In accordance with the interpretation and discussion portions of informal staff interpretation number 62 in the Premerger Notification Practice Manual (American Bar Association, 1991 Edition), you advised that, the shareholder agreement requires the conclusion that Mr. A can actually designate three of the five board members. You and I discussed the Premerger Notification Office's ("PNO") position on designation by comparing the above facts to a hypothetical involving an irrevocable proxy - If Mr. A presently had an irrevocable proxy to vote 60% of the shares then he could, at a shareholder meeting, simply vote all 60% of the shares, plus whatever he held, and elect the board he chose. The PNO would clearly take the position that under those circumstances, Mr. A would posses the right to designate. Likewise, in the present case, the shareholders agree to vote their shares in accordance with the Section of the shareholder agreement that entities Mr.
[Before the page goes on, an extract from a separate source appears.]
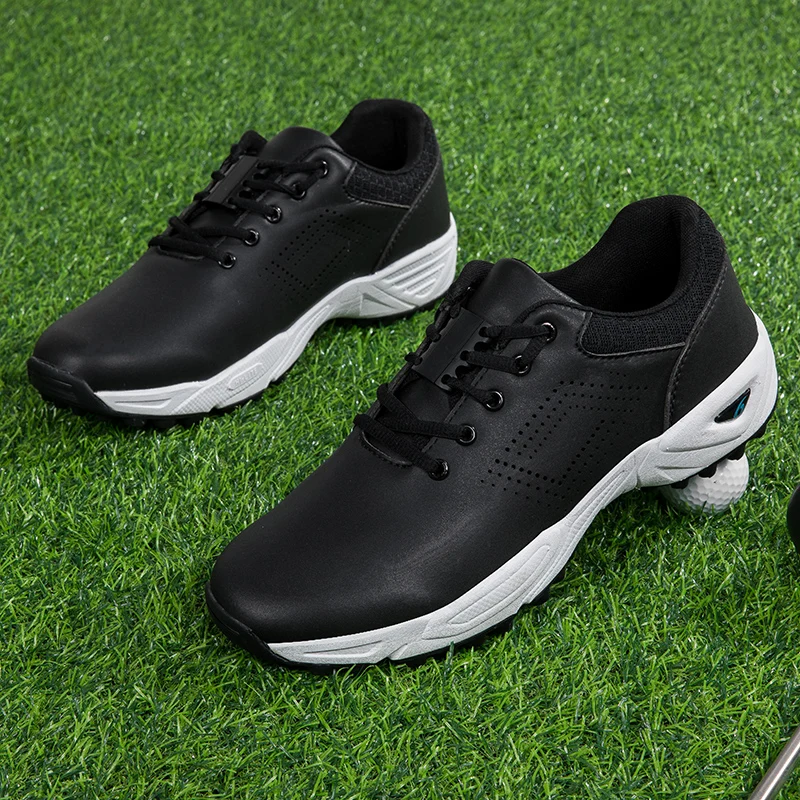 Men's Golf Shoe Outdoor Lightweight Golf Shoe Golf Player Classic Men's Comfort Training Shoe Size 40-46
A to nominate three directors. (See Section 2.2 of the attached). The power Mr. A has under this arrangement, as it relates to his ability to control the Company, is the game as if he held a combination of irrevocable proxies and personal ownership of voting securities enabling him to vote 60% of the shares.

Because Mr. A has the present right to designate three of the five directors of the Company, Mr. A controls the Company, pursuant to the definition of "control" in the Rule 801.1(b).

I hope that this letter accurately summarizes the advice we discussed on February 3rd and 4th. (f I am incorrect my summary of our conversations, please let me know.

[redacted]

About Informal Interpretations

Informal interpretations provide guidance from previous staff interpretations on the applicability of the HSR rules to specific fact situations. You should not rely on them as a substitute for reading the Act and the Rules themselves. These materials do not, and are not intended to, constitute legal advice.